**Activity:** From the entries below, copy exactly the lines from the one that contains "Silver Black Sheer" through the one that contains "KOTAI's serrated bread", both included, and only those.

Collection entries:
== Segment start ==

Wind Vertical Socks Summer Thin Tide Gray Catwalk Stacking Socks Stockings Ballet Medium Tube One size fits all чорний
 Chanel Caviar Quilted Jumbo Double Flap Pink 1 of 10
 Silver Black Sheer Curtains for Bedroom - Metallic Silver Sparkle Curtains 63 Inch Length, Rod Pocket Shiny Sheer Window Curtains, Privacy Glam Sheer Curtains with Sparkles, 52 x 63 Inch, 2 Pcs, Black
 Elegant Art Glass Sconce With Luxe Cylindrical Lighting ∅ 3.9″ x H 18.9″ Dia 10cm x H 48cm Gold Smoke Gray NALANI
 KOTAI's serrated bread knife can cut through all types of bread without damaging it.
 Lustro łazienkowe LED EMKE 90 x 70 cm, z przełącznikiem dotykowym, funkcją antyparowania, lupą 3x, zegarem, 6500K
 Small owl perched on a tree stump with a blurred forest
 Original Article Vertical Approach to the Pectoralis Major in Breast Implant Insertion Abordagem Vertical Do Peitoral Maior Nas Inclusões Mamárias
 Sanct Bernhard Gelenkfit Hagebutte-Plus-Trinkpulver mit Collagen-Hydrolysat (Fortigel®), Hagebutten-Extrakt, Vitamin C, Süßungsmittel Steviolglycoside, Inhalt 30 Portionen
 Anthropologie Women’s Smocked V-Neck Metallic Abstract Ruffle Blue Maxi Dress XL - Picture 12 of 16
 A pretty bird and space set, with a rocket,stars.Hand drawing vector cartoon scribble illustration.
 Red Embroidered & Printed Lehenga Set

== Segment end ==

**Task response:**
 Silver Black Sheer Curtains for Bedroom - Metallic Silver Sparkle Curtains 63 Inch Length, Rod Pocket Shiny Sheer Window Curtains, Privacy Glam Sheer Curtains with Sparkles, 52 x 63 Inch, 2 Pcs, Black
 Elegant Art Glass Sconce With Luxe Cylindrical Lighting ∅ 3.9″ x H 18.9″ Dia 10cm x H 48cm Gold Smoke Gray NALANI
 KOTAI's serrated bread knife can cut through all types of bread without damaging it.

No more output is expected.